Gli effetti speciali[modifica | modifica wikitesto]

  • La stanza deformante: l'effetto “allungante” della stanza deformante è dato dal fatto che in realtà l'intera stanza è un ascensore abilmente camuffato che scende nel capannone dell'attrazione. Inoltre, anche la parte superiore viene leggermente alzata con un sistema a pressione idraulica. Il soffitto, invece, è realizzato con uno speciale tipo di plexiglas che riflette la luce se illuminato di fronte e la assorbe se retroilluminato: in questo modo si ottiene la sensazione di vederlo improvvisamente sparire. In effetti le camere deformanti sono in realtà due, costruite l'una a fianco all'altra e con due entrate diverse: mentre nella prima avviene il pre-show, l'altra ritorna nella posizione di partenza e vengono fatti entrare i visitatori, e viceversa. In questo modo si aumenta la portata oraria.
  • I ritratti cangianti: quello di Melanie all'ingresso e tutti quelli presenti nella galleria hanno sono composti da due strati trasparenti sovrapposti, dietro i quali viene accesa e spenta a intervalli regolari una luce. Se retroilluminati, lo strato inferiore emerge su quello superiore, più opaco.
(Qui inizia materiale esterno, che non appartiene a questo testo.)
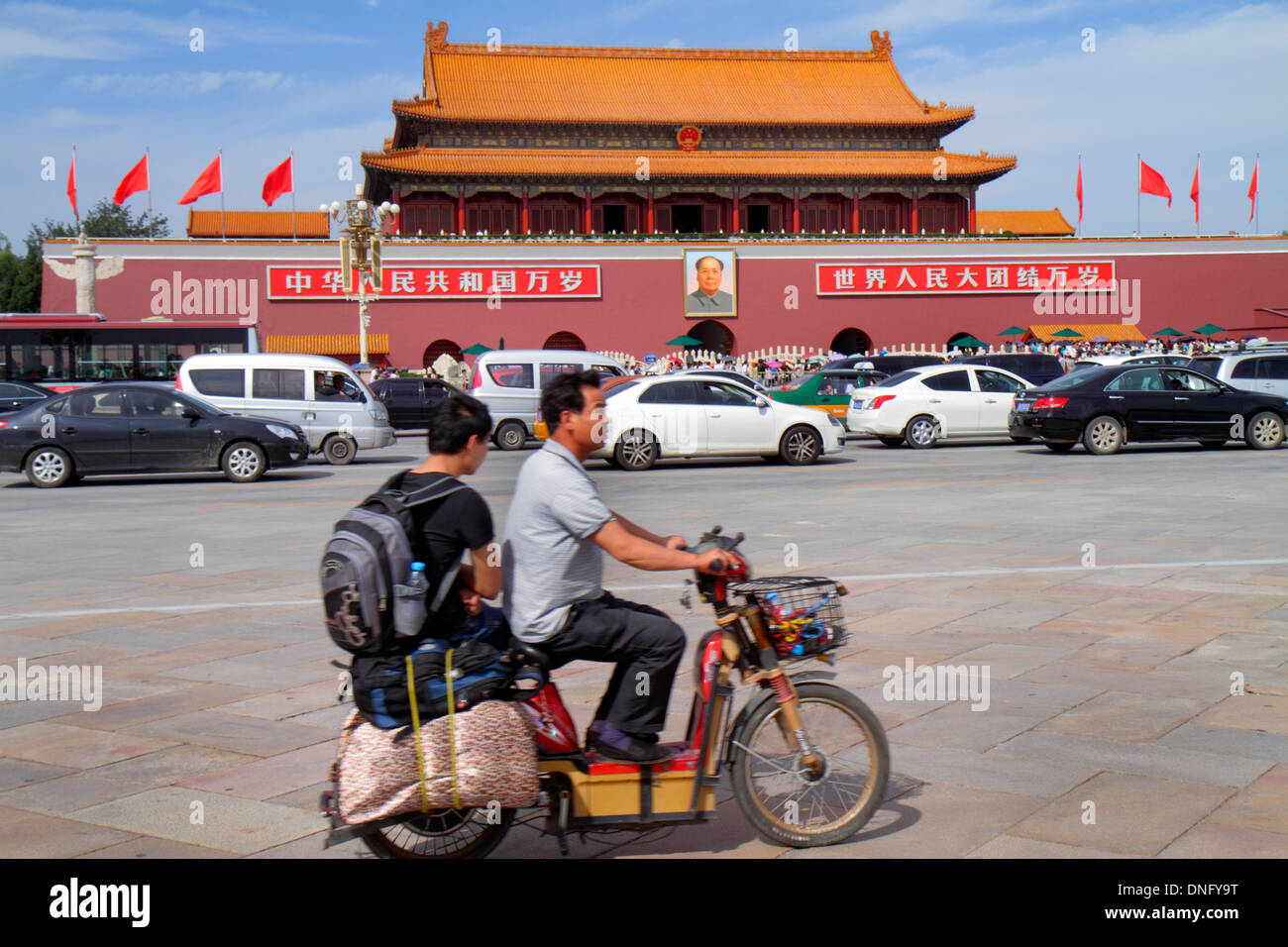 Beijing China,Chinese,Dongcheng District,Chang'an Avenue,Tian'anmen,Tiananmen Square,Imperial City,Chinese characters hànzì pinyin,gate,Mao Zedong por Stock Photo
  • Il corrodoio infinito: è realizzato con due specchi affrontati, all'interno dei quali viene proiettata l'immagine di Melanie.
  • Madame Leota: il volto di un'attrice è proiettato su una forma di testa in plastica. Il proiettore si trova all'interno della sfera di cristallo. Lo stesso trucco è utilizzato per i busti cantanti nel cimitero e per la figura in miniatura di Melanie alla fine del giro.
  • La sala da ballo: molti credono che le figure spettrali nella sala da ballo siano ologrammi, ma ovviamente non è così. Si tratta di una versione modificata del Fantasma di Pepper, un'illusione ottica del XIX secolo: la stanza in cui si svolge la scena è provvista di lastre di vetro disposte in modo da risultare invisibili a chi le guarda; essi sono posizionati in modo da riflettere gli animatronic che si trovano in una stanza sotto la balconata, tenuta nell'oscurità. Quando gli automi vengono illuminati, il loro riflesso appare nelle lastre di vetro; quando la luce va in dissolvenza, essi sembrano scomparire.
  • Il Fantasma nello specchio: gli specchi in cui ci si riflette al termine del giro sono in realtà “specchi a due vie”. Il Fantasma che vediamo incombere sull'omnimover è in realtà un animatronic che si trova dall'altro lato dello specchio, che è tenuto al buio e quindi è impossibile da vedere. Solo il Fantasma è illuminato e si muove in sincrono alla vettura.